09 DE FEVEREIRO DE 2019
MARTHA MEDEIROS
O mundo cor-de-rosa
Nunca simpatizei muito com o cor-de-rosa e menos ainda com o rosinha bebê. Não gosto de unhas cor-de-rosa, batom cor-de-rosa nem mesmo rosas cor-de-rosa: prefiro as brancas. Acho que o rosa veste melhor os homens, há um charme no contraste com a virilidade, mas em mulher fica óbvio justamente por ser a "nossa cor".
Lembro quando, em 2007, fui à Itália lançar meu livro Divã, que aqui no Brasil teve uma capa cuja cor predominante era o fúcsia: não me opus, tinha caráter. Porém, a capa do Divã italiano (lá se chama Lettino) era um rosinha aguado, um rosinha que avisava que era "livro para moças". O estrago já estava feito, então não reclamei, mas percebendo meu desconforto, os editores justificaram dizendo que as mulheres são as maiores compradoras de livros naquele país (como em quase todos, imagino) e que segmentar e anunciar a obra como um romance "rosa" aumentaria as vendas, ainda que o conteúdo tivesse outros matizes. Agradeci com meu melhor sorriso amarelo.

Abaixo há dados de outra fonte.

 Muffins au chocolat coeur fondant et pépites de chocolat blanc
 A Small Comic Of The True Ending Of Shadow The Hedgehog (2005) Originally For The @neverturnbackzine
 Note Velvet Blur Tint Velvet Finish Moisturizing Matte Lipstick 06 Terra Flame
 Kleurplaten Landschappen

Estando lá, soube também que em Riccione, no norte da Itália, havia sido inaugurada uma praia exclusiva para mulheres, conhecida como "praia cor-de-rosa". Os guarda-sóis, as boias salva-vidas, as toalhas e os demais acessórios eram todos em tons de rosa. Sem entrar no mérito do tédio monocromático, não entendi a razão desta praia privê. Segundo os idealizadores, era para que as mulheres pudessem tomar banho de sol sossegadas, sem precisar enfrentar o incômodo olhar masculino e sem serem importunadas por "latin lovers". Creio que não emplacou dois verões.

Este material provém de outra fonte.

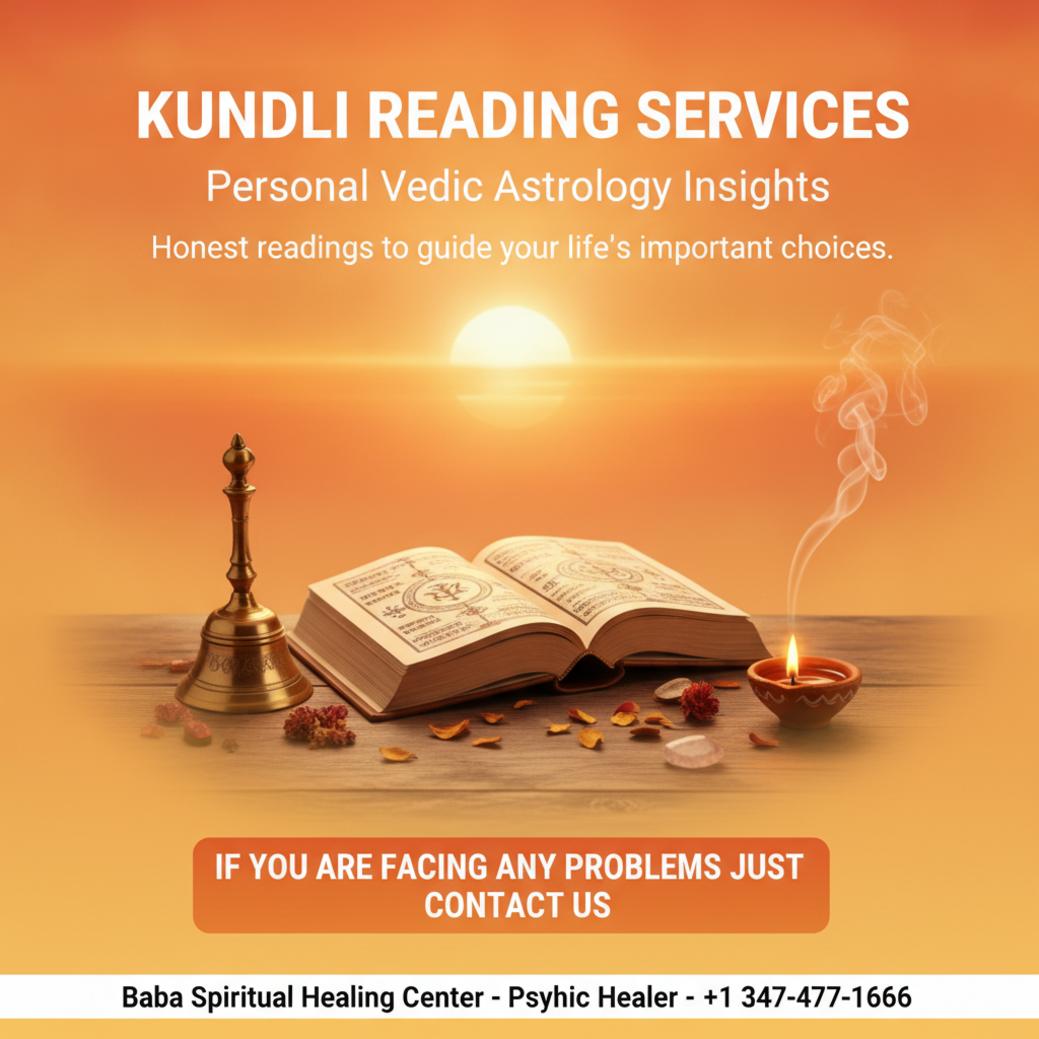 How Kundli Reading in Flushing Can Support Your Next Steps Kundli reading setup with Vedic astrology books and diya lamp in Flushing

Nada contra um clube da luluzinha de vez em quando, mas não abro mão de conviver com os homens, de com eles bater papo, explorar uma livraria, jogar frescobol, assistir a um filme, trocar confidências - estou dizendo isso sem nenhuma malícia, sem sexo envolvido. Amigo homem é um luxo. Dá outra cor às relações.

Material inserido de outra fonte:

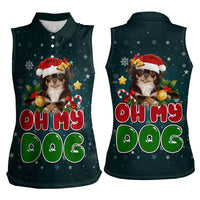 Chihuahua Oh My Dog Christmas Women Sleeveless Polo Shirt Xmas Holiday Patterns - Wonder Print Shop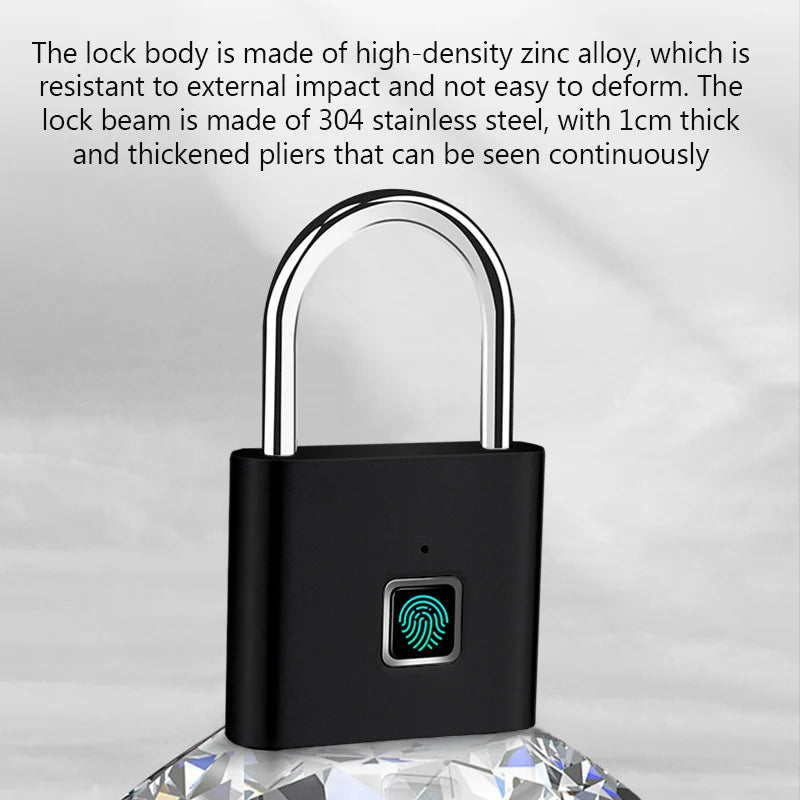 Keyless Smart USB Charging Fingerprint Lock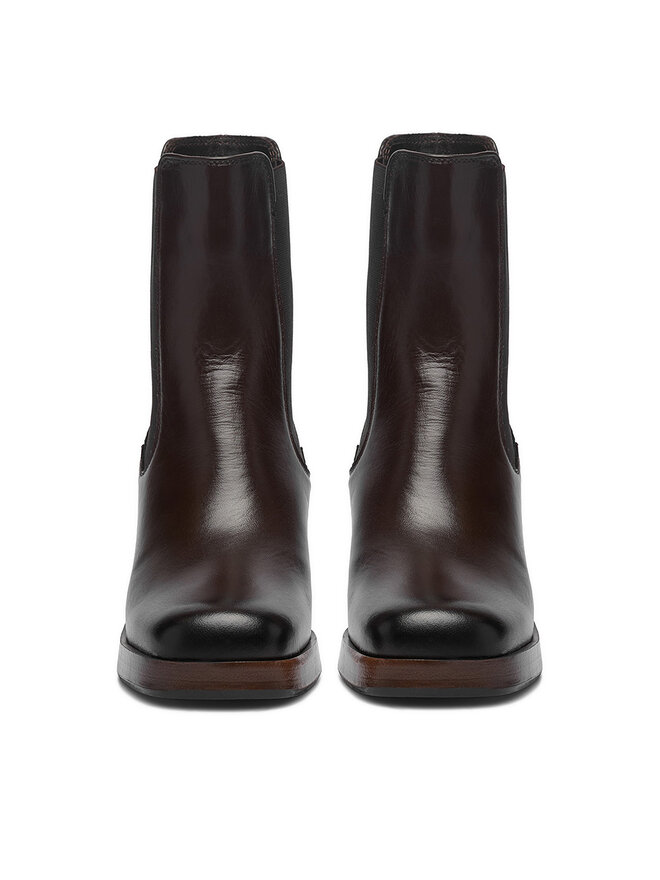 GINO ROSSI Klassische Stiefeletten GINO ROSSI C-27740PE-PLATEAU Dunkelbraun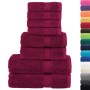 Juego de toallas premium SOLUND 8 unidades burdeos 600 gsm de , Toallas - Ref: Foro24-137539, Precio: 56,12 €, Descuento: %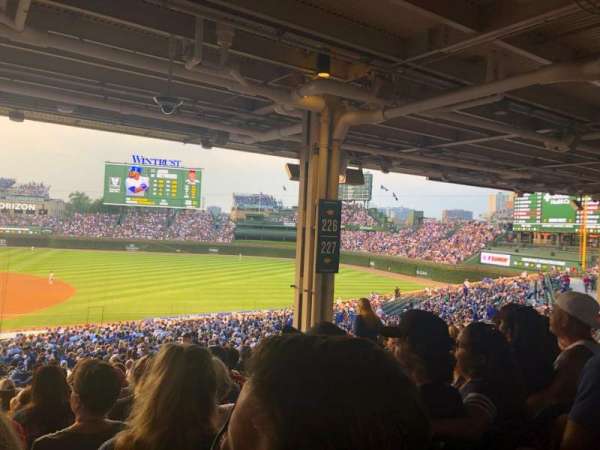Wrigley Field, section: 226, row: 15, seat: 14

Minha implicância com o cor-de-rosa talvez venha dessa sugestão de isolamento: quando falamos que a vida de alguém é cor-de-rosa, queremos dizer que é sem máculas, sem reveses - mas quem é que vive nesta bolha de perfeição? Há muito tempo que as mulheres não habitam mais um planeta cor-de-rosa, resguardadas como se ainda não tivessem saído da infância. Abandonamos o conto de fadas e pulamos pra vida real, com direito a todas as cores, incluindo o preto e o branco. Lutamos muito para ter um cotidiano com mais impacto e apelos visuais mais excitantes. O rosinha dos pés à cabeça é o uniforme feminino clássico e alguns estabelecimentos comerciais ainda impõem esta tonalidade às suas funcionárias. Por quê? Dá uma ideia de presídio feminino. De ninguém entra, ninguém sai. De acesso vetado. De confraria de eternas menininhas. Uma praia que, definitivamente, não é mais a nossa.